Employers can relax for a while as our prediction is that it will not be released for public comment in the first half of 2019. From experience we have learnt that ground-breaking labour law changes takes at least 4 years, and we have seen this with the Construction Regulations which came out for the first time in 2010, but only became law 4 years later. And this was only a regulation which the Minister of Labour could sign into law.
When it comes to the OHS Bill, it needs to go from the National Assembly, to the NCOP and back, and then to the State President for signature before employers need to rewrite their OHS Manuals and Policies. It is thus unlikely that the OHS Bill will be released in 2019.
What can be expected?
A few good things will likely come out of the new OHS Act, like getting rid of the Safety Policy and replacing it with a OHS Management System under section 7.
The issue-based risk assessment will become a legal requirement and the adoption of a risk based inspection program will follow.
We also predict the OHS Bill to become a tri-partite Act, like the Mine Health & Safety Act, and will give OHS Representatives more powers.
It is also expected that the USA format of incident reporting will be a new addition and the biggest change would be the introduction of “spot fines” of R25 000 and up for failing to comply with an administrative requirement like keeping a copy of the Act at the workplace etc.
If the post-election government continues to clamp down on corruption, the DOL inspectorate may not be able to abuse this new Bill like the MHSA inspectorate do, but the introduction of these administrative fines will create a breeding ground for supplementary income initiatives.
Bad news for Small Business is that a fine or two could mean the difference between shutting down an unsafe operation or closing shop altogether. And with the bundle of regulations currently in the pipeline like the Ergonomics regulations, the Hazardous Chemical Agents, and the Asbestos Abatement regulations (in draft for almost a year now), the risk of an administrative fine is sure to increase.

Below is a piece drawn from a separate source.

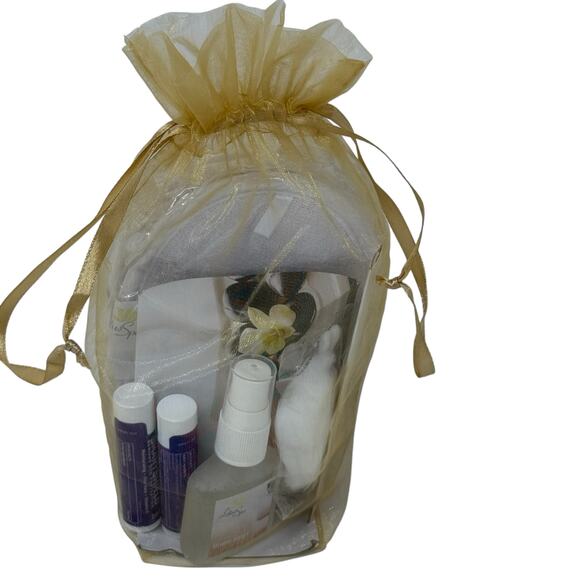 Princess Cruises Toiletry Set Of 7 Room Spray Sizzle Mitt Lip Balm Eye Gel Mask - Picture 1 of 16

Industry Sectors could provide input
One of the DOL’s key changes in the past decade is industry participation. We have seen this in the Construction Industry, and we are most likely to see this for all industries going into 2020.
It is highly possible that Industry Forums could become the new participation mechanism on white and green papers or draft regulations before it gets submitted to the lawmakers.
This is a necessary change as we expect the OHS Bill to go beyond the workplace and include the protection of the health and safety of the general public directly affected by an undertaking in South Africa.
ISO45001 may become law
In 1994, the OHS Act attempted to introduce a document similar to the Codes of Practice under the Mine Health & Safety Act, but it was called a Safety Policy. Needless to say, the industry advisors decided it to be a one page document signed by the CEO and hung at reception in a nice frame for the cleaner to keep in good state of repair.
We can expect this to become undone when the OHS Bill introduces a Safety Management System to replace the OHS Policy. And as most “systems” are privately owned, the only “open source” documented system that can possibly be written into law is ISO 45001. This could then also negatively affect the Star-grading systems of private companies, which could see them down-sizing in future.
The end of the Section 16 debate
One of the oldest debates in South African OHS Law is the implications of Section 16(2) and how it is applied. This would likely not progress when the new Bill is signed into law.
We believe that the intention never was to have multi-level appointments and the Bill will correct it by making it unlawful to delegate further down.